How old is that tuner? The cap you propose to replace is one of the higher quality nichicon types, but if it is 20yrs old it is probably time for a refresh.. My experience with many modern electrolytics is that they are inferior in sound quality and often electrical performance to older types still in good shape. I've stopped wholesale replacement except in tube gear, and in locations where a component failure would cause a destructive malfunction. I completely recapped a Mitsubishi DA-F10 a few years ago, only to totally loose the pleasing sound quality it had had up to that point. (I used high quality commercial grade nichicon, panasonic, and rubycons in the recap. Should have used blackgates in the audio path...) I've been a bit more careful since. PSU caps are usually a good candidate for replacement under all circumstances, audio coupling caps in particular possibly much less so.


I'm glad for your feedback on this, but it certainly does raise more questions for me. The tuner is a Yamaha T-85, probabaly made around '83. So yes, 27 years, that's why I am thinking about it. And this tuner is so EASY to work on! Every cap in it could be replaced by just removing the top and bottom covers.

There's a guy on eBay (the guides area) who is saying Blackgates were a huge mistake for him because it made the highs too bright.

Then there is another guy who has a website and seems to spend all his time recapping old Marantz receivers and supposedly all his customers love the results. Of course, if someone said "what a waste of money" he isn't going to post THAT comment for everyone to see!

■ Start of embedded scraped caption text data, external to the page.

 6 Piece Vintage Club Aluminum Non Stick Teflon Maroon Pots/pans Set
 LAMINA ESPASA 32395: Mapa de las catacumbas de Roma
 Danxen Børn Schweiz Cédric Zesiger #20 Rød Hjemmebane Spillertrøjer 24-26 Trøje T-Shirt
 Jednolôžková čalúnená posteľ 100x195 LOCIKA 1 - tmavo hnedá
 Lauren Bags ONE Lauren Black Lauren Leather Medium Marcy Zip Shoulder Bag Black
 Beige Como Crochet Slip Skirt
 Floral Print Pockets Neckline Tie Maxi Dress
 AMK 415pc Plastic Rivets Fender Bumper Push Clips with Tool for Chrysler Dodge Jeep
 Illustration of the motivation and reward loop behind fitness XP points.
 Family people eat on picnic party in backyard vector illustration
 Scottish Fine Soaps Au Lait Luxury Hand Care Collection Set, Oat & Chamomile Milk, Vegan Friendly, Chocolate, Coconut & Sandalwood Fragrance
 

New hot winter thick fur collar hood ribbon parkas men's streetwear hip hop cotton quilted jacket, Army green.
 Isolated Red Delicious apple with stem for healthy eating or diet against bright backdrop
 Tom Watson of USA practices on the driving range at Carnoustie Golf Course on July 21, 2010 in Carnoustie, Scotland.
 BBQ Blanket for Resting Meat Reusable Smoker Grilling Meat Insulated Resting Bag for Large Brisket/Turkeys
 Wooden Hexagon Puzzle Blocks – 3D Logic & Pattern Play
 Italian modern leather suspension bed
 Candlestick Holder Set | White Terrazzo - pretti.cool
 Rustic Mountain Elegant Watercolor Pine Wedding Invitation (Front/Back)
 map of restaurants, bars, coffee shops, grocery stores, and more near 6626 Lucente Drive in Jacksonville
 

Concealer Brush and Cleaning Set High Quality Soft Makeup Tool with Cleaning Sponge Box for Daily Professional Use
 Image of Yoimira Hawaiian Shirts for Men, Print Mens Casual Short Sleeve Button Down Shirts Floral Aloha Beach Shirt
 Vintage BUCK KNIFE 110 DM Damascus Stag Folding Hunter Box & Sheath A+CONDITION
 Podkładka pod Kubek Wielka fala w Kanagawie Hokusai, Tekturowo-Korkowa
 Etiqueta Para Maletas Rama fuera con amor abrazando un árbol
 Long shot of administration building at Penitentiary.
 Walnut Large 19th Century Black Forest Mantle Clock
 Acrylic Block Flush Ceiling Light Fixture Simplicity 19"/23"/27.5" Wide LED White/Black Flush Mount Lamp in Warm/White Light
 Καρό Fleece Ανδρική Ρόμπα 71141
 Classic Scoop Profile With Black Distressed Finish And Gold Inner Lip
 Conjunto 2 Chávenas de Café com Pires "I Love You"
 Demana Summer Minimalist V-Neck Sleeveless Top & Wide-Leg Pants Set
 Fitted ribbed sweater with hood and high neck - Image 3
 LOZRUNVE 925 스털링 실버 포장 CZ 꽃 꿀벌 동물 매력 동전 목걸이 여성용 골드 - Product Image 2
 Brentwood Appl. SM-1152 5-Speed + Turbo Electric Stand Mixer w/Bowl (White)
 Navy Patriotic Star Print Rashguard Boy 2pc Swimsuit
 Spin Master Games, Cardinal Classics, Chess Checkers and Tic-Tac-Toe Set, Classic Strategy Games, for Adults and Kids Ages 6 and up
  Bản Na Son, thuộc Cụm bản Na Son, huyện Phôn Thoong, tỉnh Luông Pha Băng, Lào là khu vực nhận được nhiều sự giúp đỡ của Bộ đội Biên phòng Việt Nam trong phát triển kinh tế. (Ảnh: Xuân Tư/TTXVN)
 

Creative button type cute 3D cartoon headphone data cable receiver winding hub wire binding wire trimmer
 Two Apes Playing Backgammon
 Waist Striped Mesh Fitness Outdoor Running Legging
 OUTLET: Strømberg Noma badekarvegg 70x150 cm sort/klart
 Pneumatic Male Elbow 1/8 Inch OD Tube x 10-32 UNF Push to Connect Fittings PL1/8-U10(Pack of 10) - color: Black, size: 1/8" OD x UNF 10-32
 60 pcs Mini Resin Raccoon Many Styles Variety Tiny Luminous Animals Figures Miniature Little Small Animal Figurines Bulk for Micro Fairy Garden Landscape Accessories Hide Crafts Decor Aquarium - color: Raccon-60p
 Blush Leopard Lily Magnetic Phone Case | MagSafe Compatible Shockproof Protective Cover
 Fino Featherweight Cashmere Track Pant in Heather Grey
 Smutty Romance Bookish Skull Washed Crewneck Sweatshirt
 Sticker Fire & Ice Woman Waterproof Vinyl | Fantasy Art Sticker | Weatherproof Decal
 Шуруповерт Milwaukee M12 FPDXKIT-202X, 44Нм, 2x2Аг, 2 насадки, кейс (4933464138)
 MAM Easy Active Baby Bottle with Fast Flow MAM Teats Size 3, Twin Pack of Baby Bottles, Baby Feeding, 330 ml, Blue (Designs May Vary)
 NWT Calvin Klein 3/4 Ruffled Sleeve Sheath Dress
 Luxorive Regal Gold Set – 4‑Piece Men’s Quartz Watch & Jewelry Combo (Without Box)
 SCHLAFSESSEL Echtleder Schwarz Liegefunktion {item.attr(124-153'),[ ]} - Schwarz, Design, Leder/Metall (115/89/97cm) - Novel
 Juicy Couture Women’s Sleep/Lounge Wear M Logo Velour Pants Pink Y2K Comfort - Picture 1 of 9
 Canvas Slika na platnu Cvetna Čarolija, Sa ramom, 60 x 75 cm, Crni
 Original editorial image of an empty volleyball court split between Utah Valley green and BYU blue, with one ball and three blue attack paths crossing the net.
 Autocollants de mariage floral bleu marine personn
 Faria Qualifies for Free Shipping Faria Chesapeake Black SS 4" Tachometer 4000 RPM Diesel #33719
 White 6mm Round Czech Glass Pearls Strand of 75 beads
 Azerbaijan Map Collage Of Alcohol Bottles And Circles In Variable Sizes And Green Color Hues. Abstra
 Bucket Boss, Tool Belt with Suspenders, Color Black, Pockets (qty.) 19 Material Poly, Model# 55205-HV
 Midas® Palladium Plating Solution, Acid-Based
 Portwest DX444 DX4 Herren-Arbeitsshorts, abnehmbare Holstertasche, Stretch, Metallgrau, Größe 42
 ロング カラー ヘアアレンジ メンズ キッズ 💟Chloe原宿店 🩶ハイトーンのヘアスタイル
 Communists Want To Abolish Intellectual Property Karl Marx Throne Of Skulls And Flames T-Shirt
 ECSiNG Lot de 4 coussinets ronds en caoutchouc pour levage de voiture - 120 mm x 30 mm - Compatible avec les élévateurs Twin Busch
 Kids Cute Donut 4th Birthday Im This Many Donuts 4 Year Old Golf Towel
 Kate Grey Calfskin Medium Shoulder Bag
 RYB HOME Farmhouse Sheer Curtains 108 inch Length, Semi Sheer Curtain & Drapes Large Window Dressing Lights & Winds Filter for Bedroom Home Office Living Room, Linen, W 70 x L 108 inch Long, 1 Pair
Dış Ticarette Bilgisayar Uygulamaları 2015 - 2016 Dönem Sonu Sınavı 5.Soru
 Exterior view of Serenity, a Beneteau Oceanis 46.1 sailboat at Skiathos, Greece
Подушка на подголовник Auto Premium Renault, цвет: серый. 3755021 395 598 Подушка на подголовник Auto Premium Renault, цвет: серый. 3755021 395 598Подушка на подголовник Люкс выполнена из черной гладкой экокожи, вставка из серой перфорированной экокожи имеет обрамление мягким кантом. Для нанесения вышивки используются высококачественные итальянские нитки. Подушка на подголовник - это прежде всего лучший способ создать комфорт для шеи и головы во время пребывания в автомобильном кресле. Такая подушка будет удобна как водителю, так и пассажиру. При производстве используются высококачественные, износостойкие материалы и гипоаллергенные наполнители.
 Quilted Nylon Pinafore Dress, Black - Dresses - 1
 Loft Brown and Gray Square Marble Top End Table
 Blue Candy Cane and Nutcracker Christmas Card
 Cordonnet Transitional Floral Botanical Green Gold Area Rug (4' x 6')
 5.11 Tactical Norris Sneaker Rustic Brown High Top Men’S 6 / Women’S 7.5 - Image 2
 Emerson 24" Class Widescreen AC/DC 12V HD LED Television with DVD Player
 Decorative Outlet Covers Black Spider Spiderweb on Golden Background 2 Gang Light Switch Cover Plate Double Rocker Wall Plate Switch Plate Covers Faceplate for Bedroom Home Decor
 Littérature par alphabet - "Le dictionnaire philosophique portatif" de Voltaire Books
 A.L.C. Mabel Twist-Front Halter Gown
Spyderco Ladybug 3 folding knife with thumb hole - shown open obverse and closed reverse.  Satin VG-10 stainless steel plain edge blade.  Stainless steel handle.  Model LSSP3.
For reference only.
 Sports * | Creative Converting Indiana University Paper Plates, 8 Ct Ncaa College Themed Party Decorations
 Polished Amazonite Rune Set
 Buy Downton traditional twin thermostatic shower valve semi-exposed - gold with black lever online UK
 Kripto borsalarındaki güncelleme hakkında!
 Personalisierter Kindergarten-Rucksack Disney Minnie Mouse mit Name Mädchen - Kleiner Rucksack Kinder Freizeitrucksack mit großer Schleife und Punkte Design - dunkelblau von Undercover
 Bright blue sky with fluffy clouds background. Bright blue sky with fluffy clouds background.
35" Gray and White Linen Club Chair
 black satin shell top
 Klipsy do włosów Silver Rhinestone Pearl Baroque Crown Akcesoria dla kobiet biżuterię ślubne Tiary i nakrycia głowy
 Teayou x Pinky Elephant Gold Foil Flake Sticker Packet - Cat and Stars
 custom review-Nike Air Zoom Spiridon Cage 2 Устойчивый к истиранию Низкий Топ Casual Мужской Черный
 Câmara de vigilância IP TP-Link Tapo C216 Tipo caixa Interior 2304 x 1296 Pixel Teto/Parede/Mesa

I also have receivers and an amp from the late 70's. Some people are saying recap with high end Nichicon or other, some, like you, are saying it may change things for the worse. I ran into one guy here in this forum who bought some Elan high end filter caps, but said there was no audible difference. And he has the exact same model amp I do! A Yamaha CA-810.

I am pretty sure that the bass has gotten muddy on these old units and everyone seems certain that electrolytic caps DO wear out. What to do...😕 I wonder if that tuner really needs anything, but then it DOES process the FM signal.
 
Dell blew it


Dell really screwed up. It would be nice to know, however, just how Nichicon responded to the situation. And was the problem specific to just a particular series, one production run, or throughout their entire lineup? I was using Silicon Graphics computers at one point, and they had a huge problem with memory chips that wouldn't work right. They would replace them, and the problem would occur again, over and over. SG has gone out of business, but I bet that chip maker is still around!